Step 2: Re-Run the test (With the same parameters!)
Once these steps were complete, a second test cycle was scheduled to determine if the updated environment would be able to reach the desired 200 VU target without encountering response time degradation. The follow-up load test was executed exactly one week later, on April 21, and used the same parameters as the initial test (see previous post for load ramping details). Using the same test parameters (load ramp, test scripts, testing locations, databanks, etc.) is critical in order to allow a like-for-like comparison to occur. Any deviation in the test configuration can skew the results and potentially lead to an unintended sense of confidence (or fear of implosion) regarding the application environment.

When the April 21 round of load testing was complete and we began to analyze the results of the test, the initial data (higher throughput, faster response times, lower CPU utilization and a reduction in the amount of database load) suggested that this load test was substantially more successful than the previous test execution. This initial conclusion was based on the performance charts containing the same metrics we used to analyze the April 14 test, which showed a direct comparison of critical measures, demonstrating if the pattern of performance had dramatically changed between the two test executions.

Step 3: Compare the Results
So, to start the comparative analysis, we took three key metrics of the April 14 and April 21 results and charted them together: External Web Load Test Average Response Time; Web Load Test Transactions per Minute; and percentage of CPU Utilization on the web server. Using just these three comparisons, it is clear that the two load tests had very different performance profiles.
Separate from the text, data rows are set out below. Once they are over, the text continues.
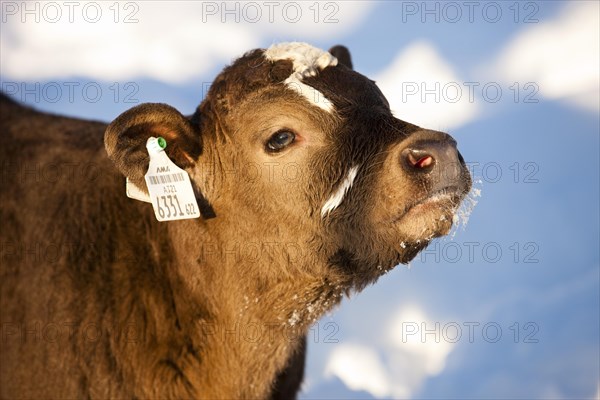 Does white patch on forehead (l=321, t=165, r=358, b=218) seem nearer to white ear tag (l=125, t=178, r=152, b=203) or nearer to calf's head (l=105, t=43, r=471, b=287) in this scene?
calf's head (l=105, t=43, r=471, b=287)

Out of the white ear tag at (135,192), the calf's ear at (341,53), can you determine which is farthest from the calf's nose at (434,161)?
the calf's ear at (341,53)

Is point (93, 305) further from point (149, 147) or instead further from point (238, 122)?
point (238, 122)

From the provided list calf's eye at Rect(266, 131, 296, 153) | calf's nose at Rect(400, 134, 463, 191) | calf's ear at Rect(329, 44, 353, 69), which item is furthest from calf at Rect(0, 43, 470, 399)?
calf's ear at Rect(329, 44, 353, 69)

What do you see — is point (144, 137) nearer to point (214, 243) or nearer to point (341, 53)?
point (214, 243)

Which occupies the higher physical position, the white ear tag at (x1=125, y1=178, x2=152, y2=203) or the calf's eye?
the calf's eye

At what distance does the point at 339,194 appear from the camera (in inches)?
192

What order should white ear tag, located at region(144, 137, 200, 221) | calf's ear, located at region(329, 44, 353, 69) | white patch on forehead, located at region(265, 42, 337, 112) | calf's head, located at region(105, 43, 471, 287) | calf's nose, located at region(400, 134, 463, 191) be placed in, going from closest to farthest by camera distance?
calf's nose, located at region(400, 134, 463, 191) < calf's head, located at region(105, 43, 471, 287) < white patch on forehead, located at region(265, 42, 337, 112) < white ear tag, located at region(144, 137, 200, 221) < calf's ear, located at region(329, 44, 353, 69)

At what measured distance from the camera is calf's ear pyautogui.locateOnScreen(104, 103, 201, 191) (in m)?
5.03

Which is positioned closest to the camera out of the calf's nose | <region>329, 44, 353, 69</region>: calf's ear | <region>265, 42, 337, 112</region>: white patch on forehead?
the calf's nose

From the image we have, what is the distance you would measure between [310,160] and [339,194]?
0.97ft

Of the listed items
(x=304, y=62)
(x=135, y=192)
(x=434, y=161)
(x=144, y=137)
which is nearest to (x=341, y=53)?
(x=304, y=62)

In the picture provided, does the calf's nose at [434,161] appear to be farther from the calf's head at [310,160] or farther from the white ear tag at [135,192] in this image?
the white ear tag at [135,192]

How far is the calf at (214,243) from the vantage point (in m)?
4.93

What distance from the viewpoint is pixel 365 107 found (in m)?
5.06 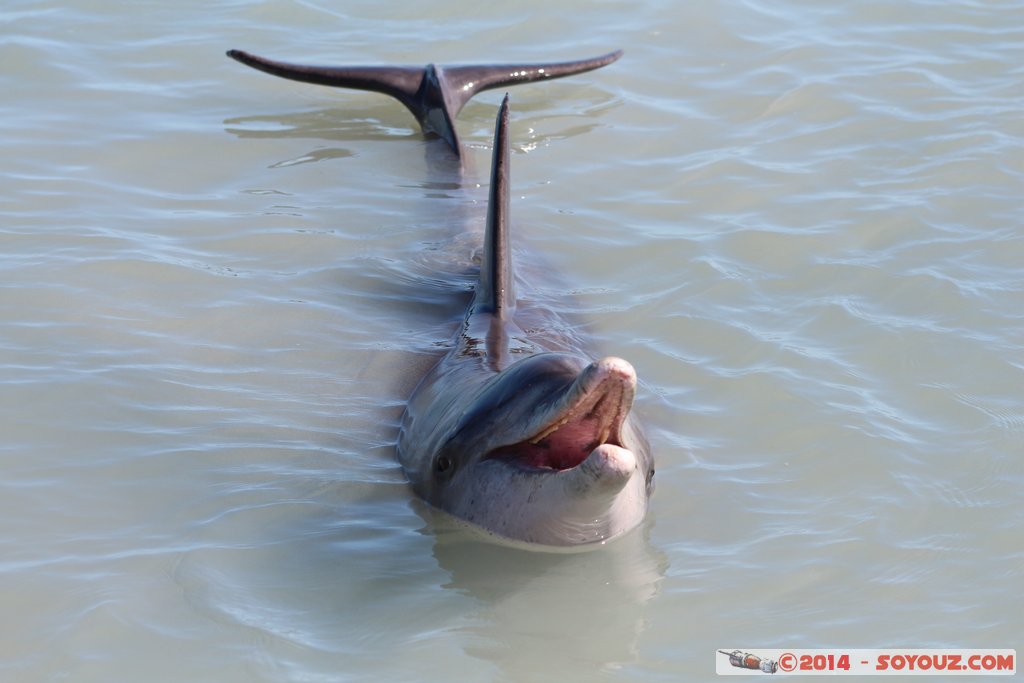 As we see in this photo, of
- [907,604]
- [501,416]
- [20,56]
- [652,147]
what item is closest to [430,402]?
[501,416]

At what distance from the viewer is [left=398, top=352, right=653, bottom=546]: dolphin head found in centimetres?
524

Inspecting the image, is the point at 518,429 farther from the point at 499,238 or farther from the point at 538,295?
the point at 538,295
Starting with the Web Load Test Average Response Times (the time required to completely download all of the content in the scripted synthetic transactions used in the load test), it is very clear that after 08:50 EDT - 40 minutes into both tests - that the response times diverged and remained on different paths for the remainder of the comparative test run. From this point on, the April 21 load test averaged load times that were around 50% faster than the April 14 test (Note: the Moving Average of percentage change averages 5 minutes of response time change to produce an clearer trend line). It took nearly 20 more minutes for Average Transaction Response Time to reach 20 seconds on April 21, even with load being applied at the same volume as in the April 14 test.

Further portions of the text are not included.